## Exercise prompt
No pictures belong in the copy. Restate the rest of the data exactly.

## Supplied data
•••••
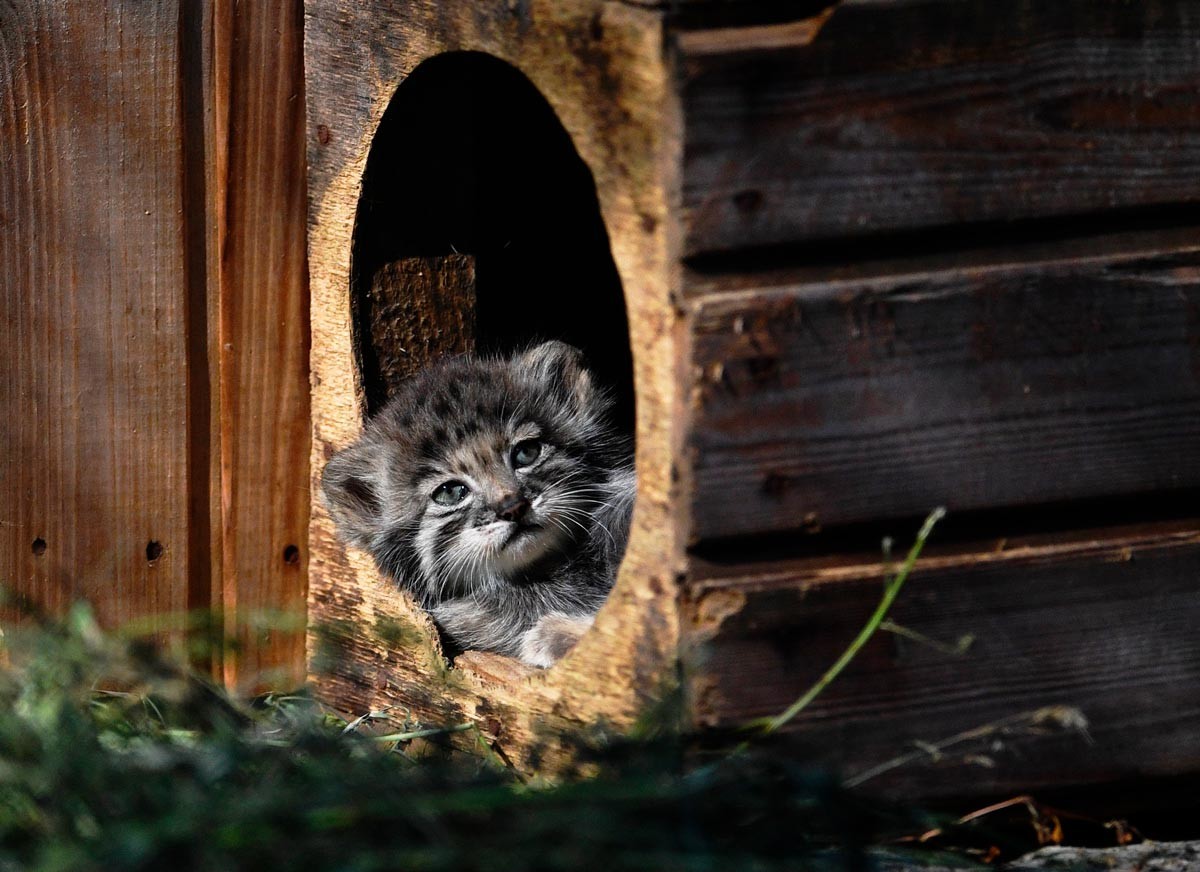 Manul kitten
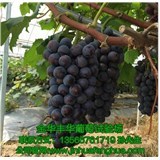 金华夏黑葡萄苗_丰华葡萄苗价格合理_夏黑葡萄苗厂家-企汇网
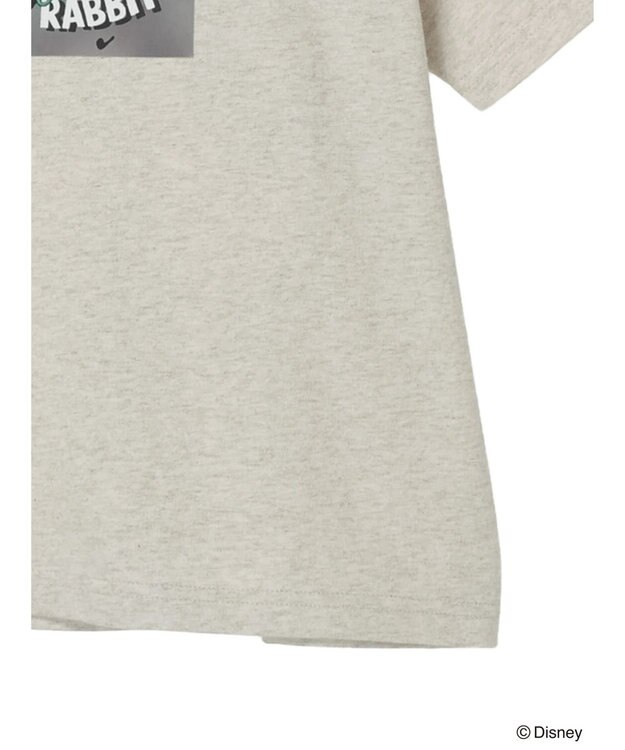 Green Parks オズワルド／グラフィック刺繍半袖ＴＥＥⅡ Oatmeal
•••••
## Exercise result
 Manul kitten
 金华夏黑葡萄苗_丰华葡萄苗价格合理_夏黑葡萄苗厂家-企汇网
 Green Parks オズワルド／グラフィック刺繍半袖ＴＥＥⅡ Oatmeal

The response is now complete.